Wer verstößt öfter gegen Regeln, Autofahrende oder Radfahrende?

Rotllichtfahrt
Zum Wiederlesen, damit wir gute Argumente haben: Autofahrende missachten sehr viel häufiger die Regeln als Radfahrende. Und wo es keine Radinfrastruktur gibt, verletzen auch mehr Radler die Verkehrsregeln. 

Das ist das Ergebnis einer Studie im Auftrag der dänischen Regierung. Demnach verletzten nur 5 Prozent der Radfahrenden die Verkehrsregeln, während das 66 Prozent der Autofahrenden taten. Wie kommt es dann, dass man nur uns Radlern ständig vorhält, wir hielten uns an keine Regeln? Die Vermutung: Die Verstöße von Radfahrer:innen sieht man halt gut, auf dem Gehweg radeln, zum Beispiel. Die von Autofahrenden dagegen sieht man meistens nicht, beispielsweise zu hohe Geschwindigkeit, Handy am Steuer oder noch schnell bei Rot über die Haltelinie fahren.


Rotlichtverstoß, Umfahren über den Gehweg
Für die Studie wurden wichtige Kreuzungen mit Videokameras beobachtet. Und sehr interessant, es hat sich (übrigens jetzt schon in der zweiten solchen Studie) auch gezeigt: Sind Radler auf Radwegen unterwegs, fuhren nur 4,9 Prozent regelwidrig, zumeist übrigens auf Gehwegen. Gibt es hingegen keine Fahrradinfrastruktur, dann stiegen die Regelverstöße der Radler:innen auf 14 Prozent. 

Also: Will man Radfahrende, die sich an die Regeln halten, muss man ihnen Radwege und Kreuzungslösungen geben, die es ihnen auch möglich machen, sich an die Regeln zu halten. 

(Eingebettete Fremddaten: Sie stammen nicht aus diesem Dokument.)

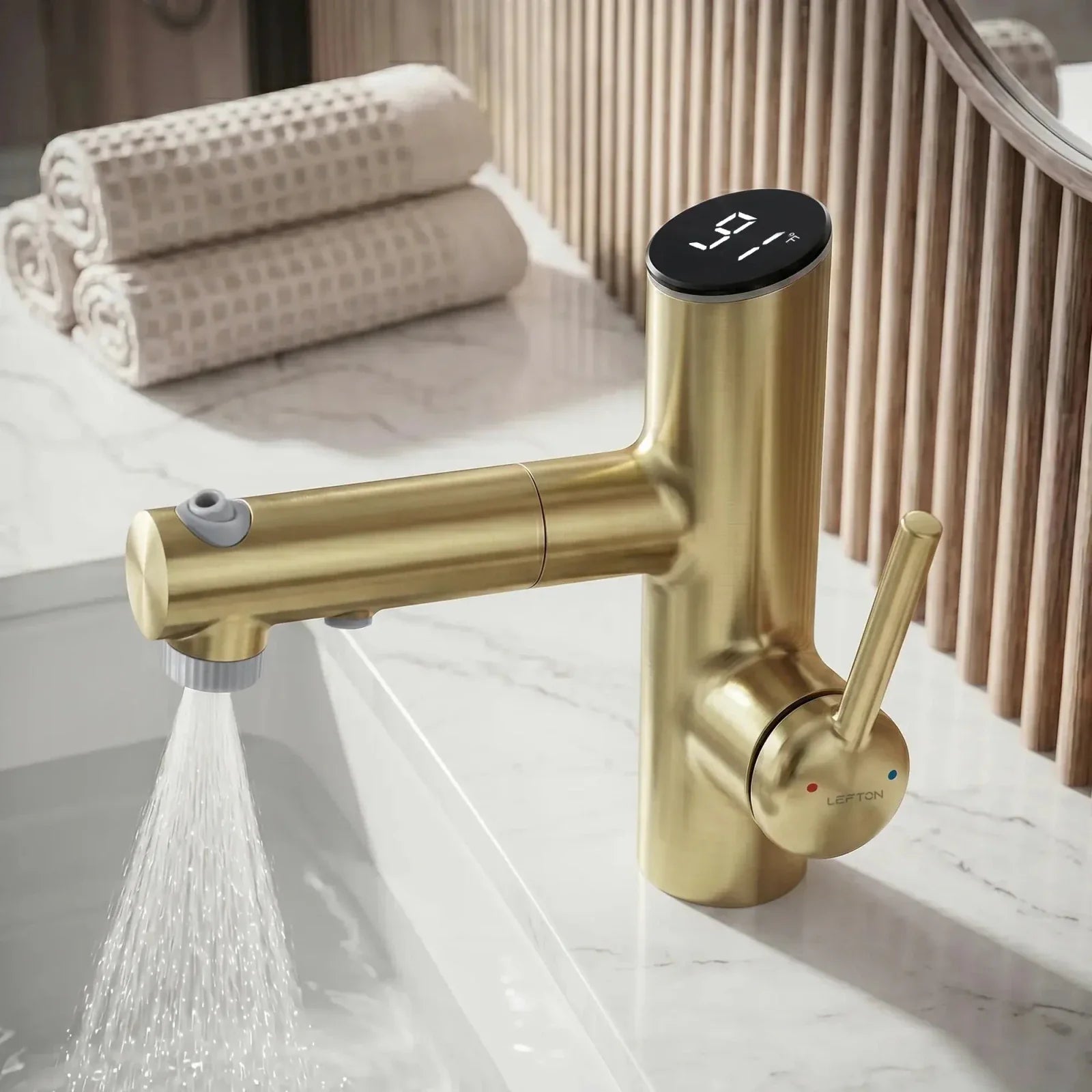 Lefton Single-Handle Bathroom Fountain Faucet With Temperature Display-BF2502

Ähnliches zeigen dem Bericht zufolge auch Studien in anderen europäischen Ländern. Das Bild des Kampfradlers, der immer bei Rot fährt, ist falsch. Eine Studie in London widersprach der Behauptung, dass die meisten Radler bei Rot an Ampeln weiterfahren. 84 Prozent der Radler:innen hielten an. Das wären dann 16 Prozent, die bei Rot fuhren.

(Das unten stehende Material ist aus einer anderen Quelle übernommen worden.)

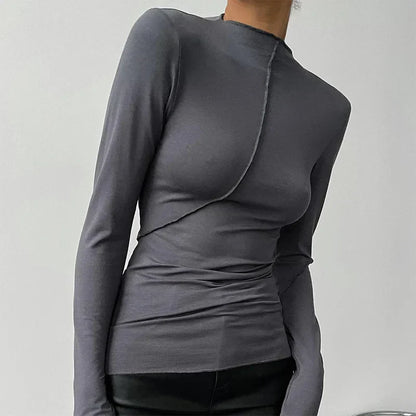 Turtleneck Casual Fashion Long Sleeve Tee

14 oder 16 Prozent Regelverstöße sind übrigens nicht viel im Vergleich zu den 66 Prozent dänischer Autofahrer:innen, die auf ihrer Fahrt die Verkehrsregeln missachten. Wie viele das wohl in Deutschland sind? Ich kenne keine ähnliche Studie für Deutschland, ich weiß nur von Hamburg, wo die Polizei mal stundenlang Radler (22) und Autofahrer (226) zählten, die bei Rot über die Ampeln fuhren. Sie kamen auf ein Verhältnis von 1 zu 10.  Die Zahlen nützen aber nicht viel, wenn wir nicht wissen, wie viel Prozent das jeweils waren. Dass in Dänemark deutlich über die Hälfte aller Autofahrenden auf ihrer Fahrt die Verkehrsregeln verletzen, finde ich schon bestürzend. Bei uns ist das mit Sicherheit nicht anders, vielleicht eher noch schlimmer, vor allem, wenn man Parkverstöße mitzählt und das Reinfahren in verbotene Straßen oder in Fußgängerzoenen.

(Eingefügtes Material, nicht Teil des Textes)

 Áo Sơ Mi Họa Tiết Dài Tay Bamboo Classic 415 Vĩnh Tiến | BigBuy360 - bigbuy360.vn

Abbiegen in die Fußgängerzone
Autos sind groß, schwer, schnell und können bei Kollisionen tödlich für Radfahrende und Fußgänger/innen sein. Von ihnen geht eben eine erhebliche Betriebsgefahr aus, und trotzdem sind ihren Fahrer:innen oftmals die Regeln egal. Von uns Radlern geht kaum Gefahr für andere aus, schon gar keine tödliche. Und dennoch stilisieren viele unser Verhalten zur großen Gefahr hoch.

Der Artikel zitiert einen Verkehrspolizeichef von West Mitlands mit der Feststellung, dass die "Auswirkungen des Verhaltens, über das die Menschen schimpfen, vernachlässigbar sind. Wenn man sich die Statistiken ansieht, wenn man die tatsächliche Gefahr von Schäden betrachtet, stellen Radfahrer für niemanden ein Risiko dar."

22 Kommentare:

  1. Das hier: https://dasfahrradblog.blogspot.com/2022/02/schrittgeschwindigkeit-furs-fahrrad-ist.html
    Zitat: "Deshalb hält sich kein einziger Radfahrer, keine Radfahrerin an diese Regel, dass auf fürs Fahrrad freigegebenen Gehwegen nur Schrittgeschwindigkeit gefahren werden darf."
    und eben der heutige Artikel:
    "Gibt es hingegen keine Fahrradinfrastruktur, dann stiegen die Regelverstöße der Radler:innen auf 14 Prozent."
    Beides zusammen bedeutet, dass 14 Prozent der Radfahrenden auf freigegebenen Gehwegen fahren und die anderen 86 Prozent auf der Fahrbahn fahren oder schieben. Ist das so?

    Ich kenne die Diskussionen zur Genüge und es ist gut, Argumente zur Hand zu haben - danke für das Thematisieren. Aber bei den 14 Prozent bin ich im Zweifel.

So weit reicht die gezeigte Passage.